Task to carry out - I'd like the full listing transcribed exactly, with no images included.

(Record set begins)

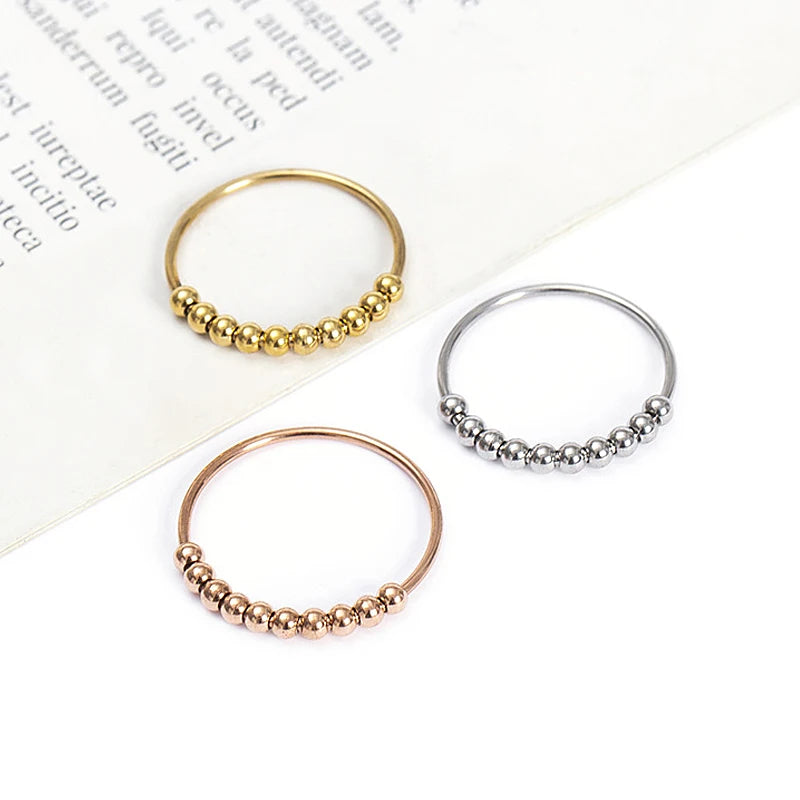 Neue Mode Perlen Angst Ringe Für Frauen Männer Edelstahl Frei Drehen Spinner Ring Paar Trend Einfache Schmuck Großhandel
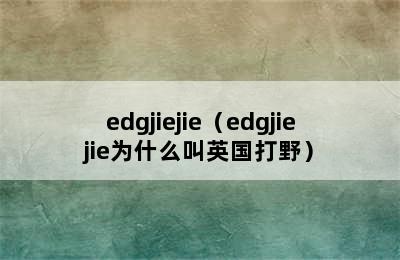 edgjiejie（edgjiejie为什么叫英国打野）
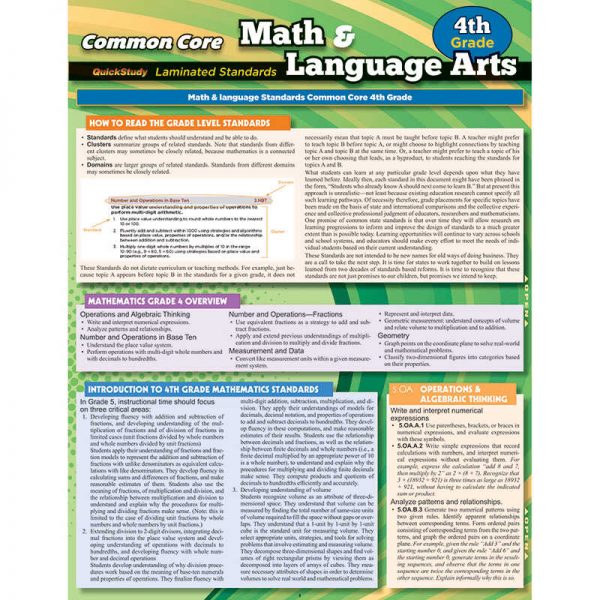 BARCHARTS, INC. COMMON CORE GRADE 4 MATH & LANGUAGE ARTS STANDARDS QS-222859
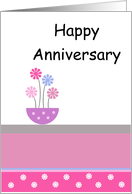 Wedding Anniversary Card - Pot Of Flowers card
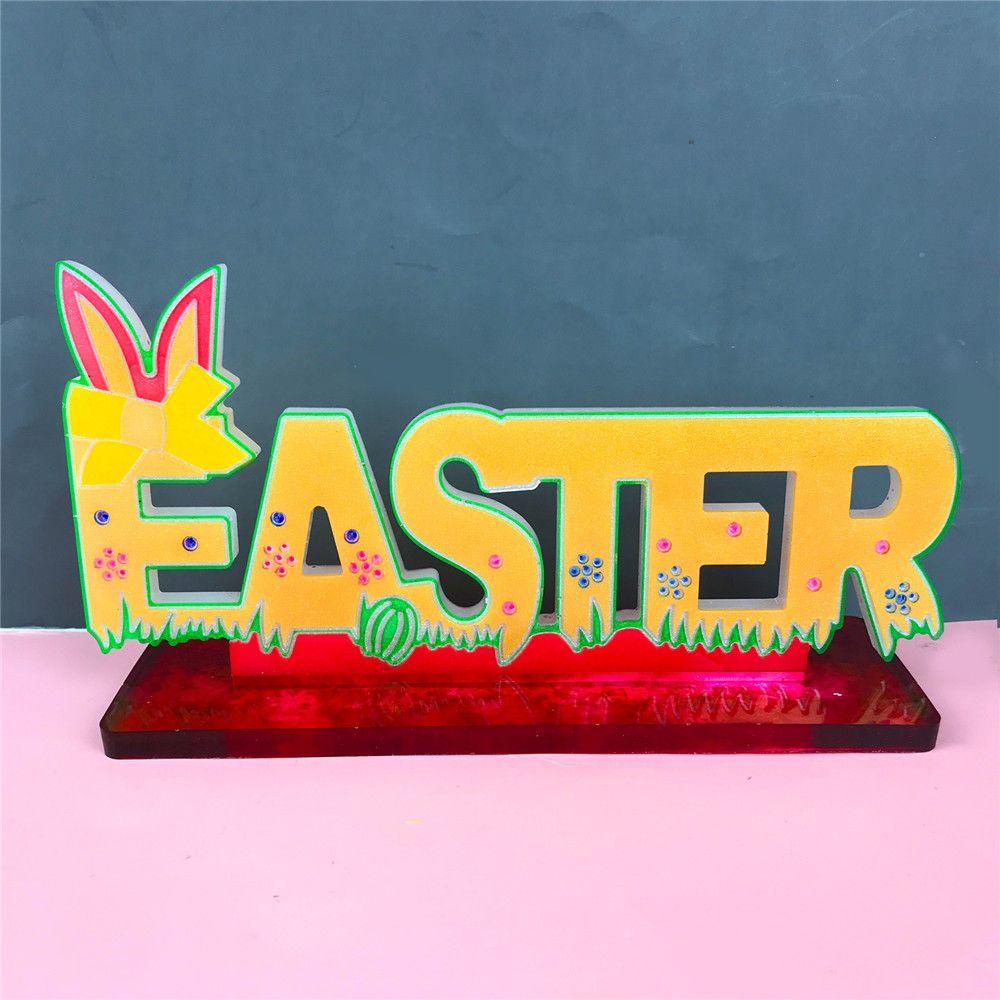 R-flower Easter Bunny Ornaments Mold Anak Hadiah Festival Perlengkapan Resin Stand Liontin Cetakan Silikon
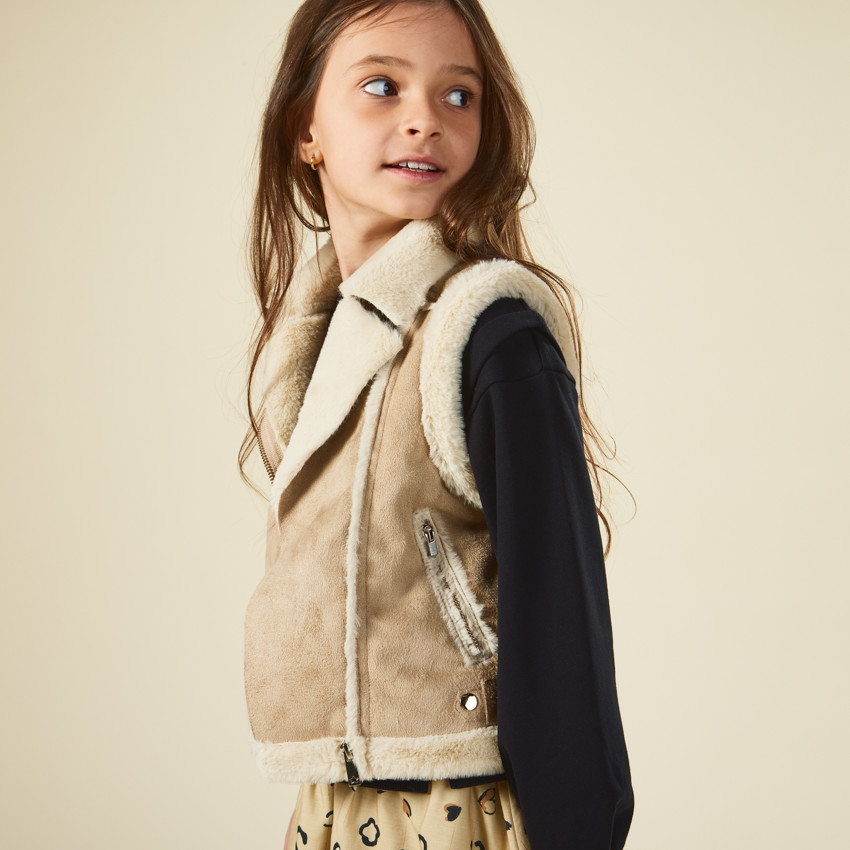 Perfecto sans manches en su dine et sherpa pour fille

(Record set ends)

Answer below -
 Neue Mode Perlen Angst Ringe Für Frauen Männer Edelstahl Frei Drehen Spinner Ring Paar Trend Einfache Schmuck Großhandel
 edgjiejie（edgjiejie为什么叫英国打野）
 BARCHARTS, INC. COMMON CORE GRADE 4 MATH & LANGUAGE ARTS STANDARDS QS-222859
 Wedding Anniversary Card - Pot Of Flowers card
 R-flower Easter Bunny Ornaments Mold Anak Hadiah Festival Perlengkapan Resin Stand Liontin Cetakan Silikon
 Perfecto sans manches en su dine et sherpa pour fille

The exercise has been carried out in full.